**Crawled caption data**
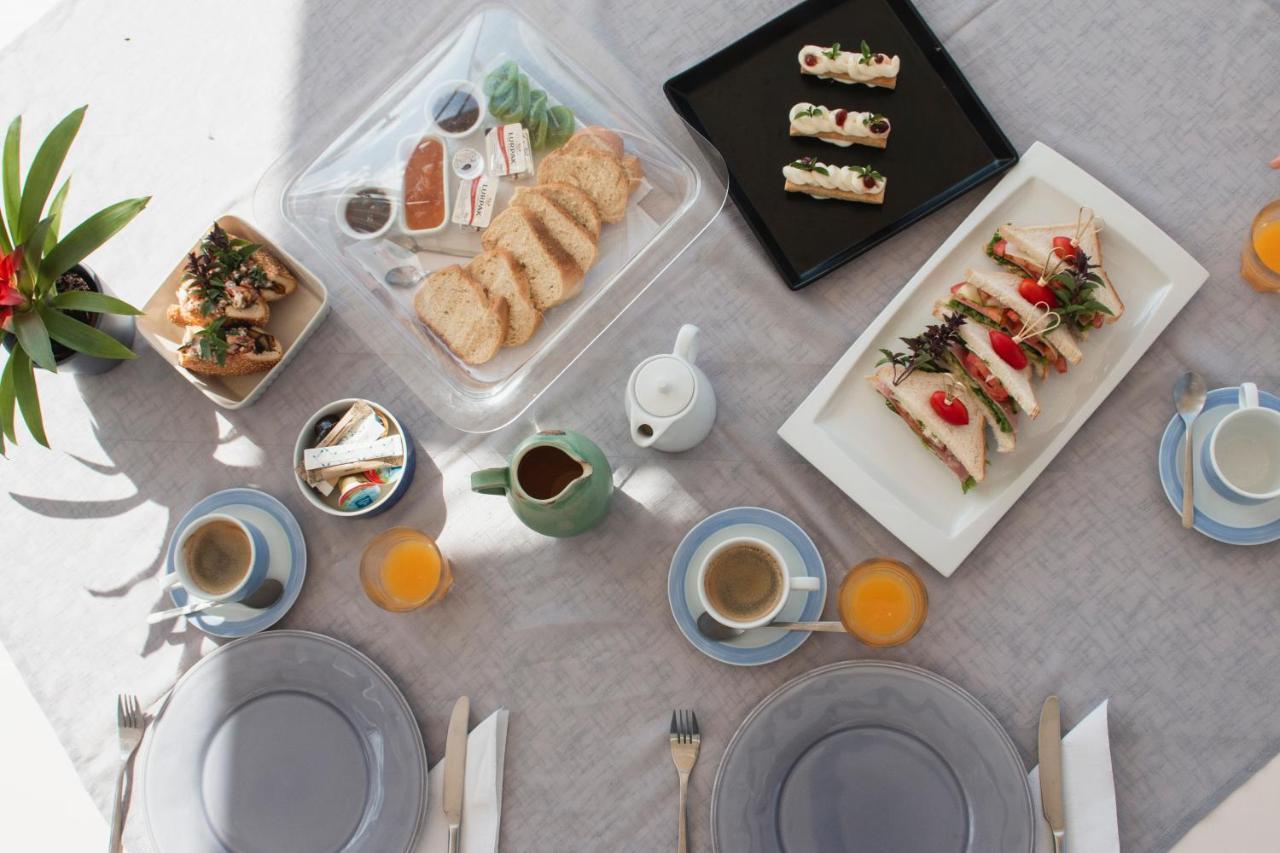 Arcana Santorini Villas, An Authentic Cycladic Experience Akrotírion 外观 照片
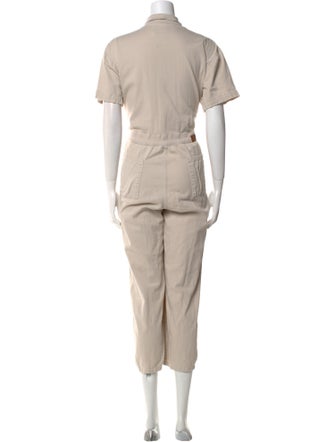 Rivet Utility Jumpsuit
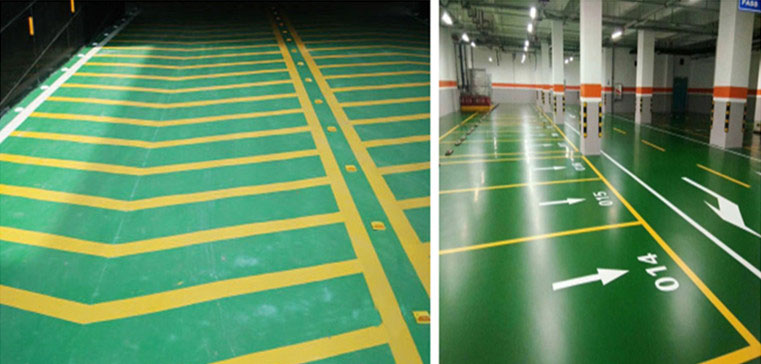 地庫坡道可以做防滑坡道地坪 地庫坡道可以做防滑坡道地坪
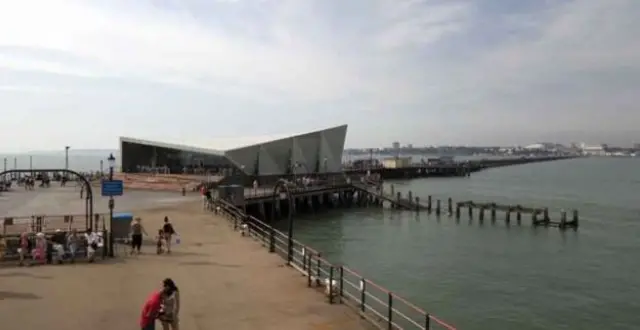 Southend Pier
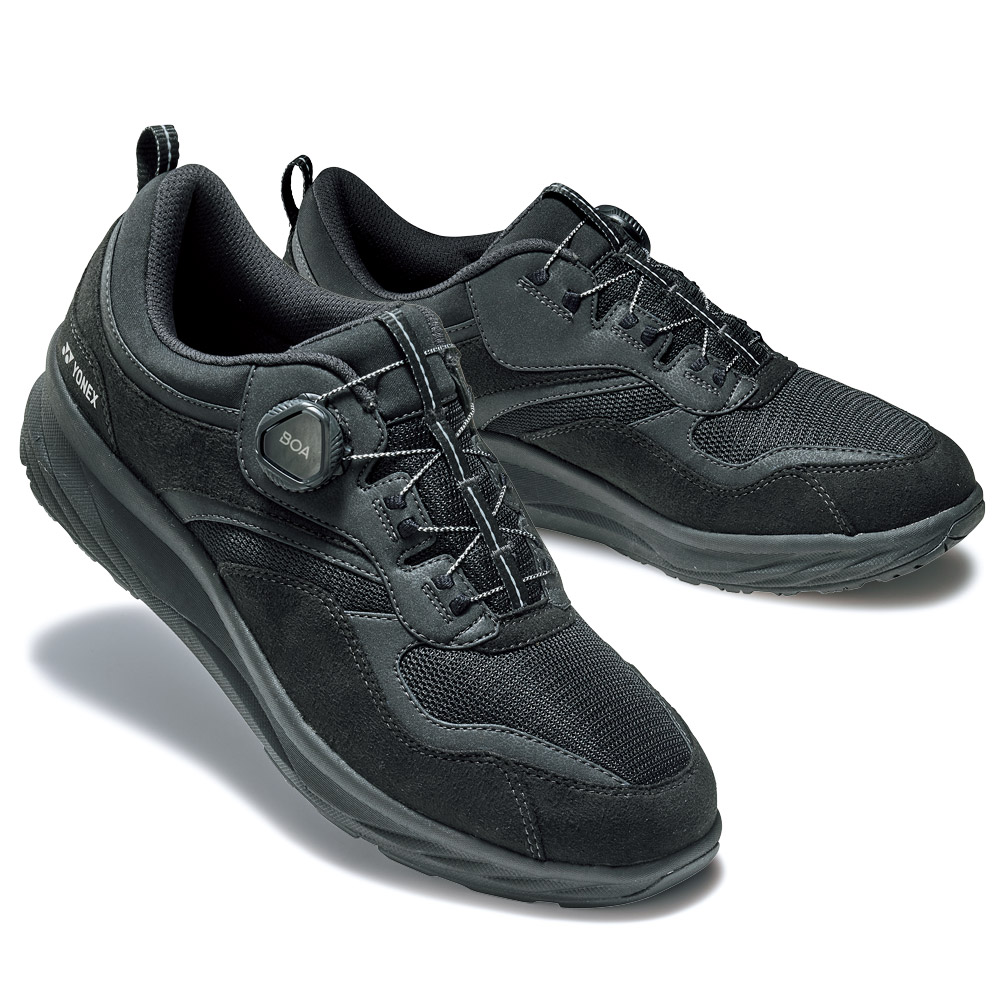 脱ぎ履き楽々･パワークッションスニーカー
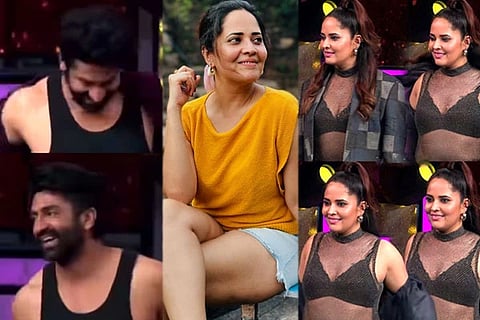 Anasuya Bharadwaj
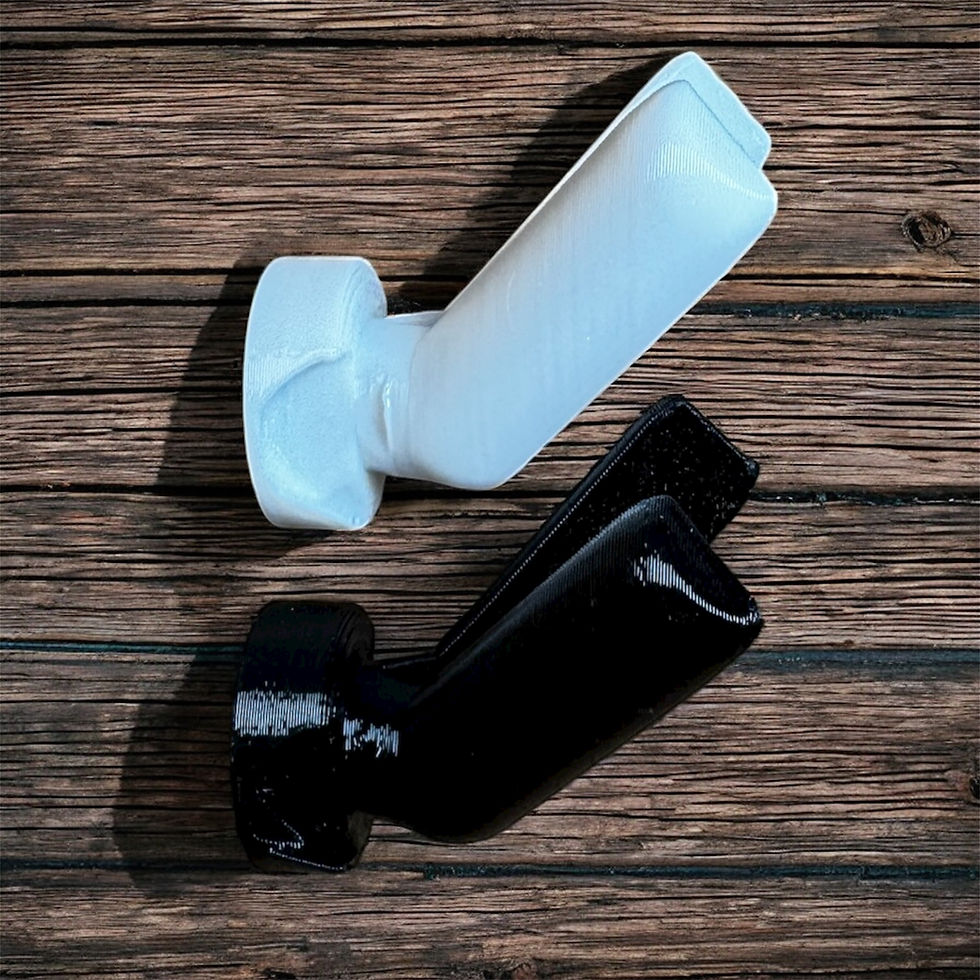 Thumbnail: The Buck Plug - Integrated Deer Skull Hanger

**Exercise details**
The expected output is the full data above, reproduced exactly with no images.

**Exercise answer**
 Arcana Santorini Villas, An Authentic Cycladic Experience Akrotírion 外观 照片
 Rivet Utility Jumpsuit
 地庫坡道可以做防滑坡道地坪 地庫坡道可以做防滑坡道地坪
 Southend Pier
 脱ぎ履き楽々･パワークッションスニーカー
 Anasuya Bharadwaj
 Thumbnail: The Buck Plug - Integrated Deer Skull Hanger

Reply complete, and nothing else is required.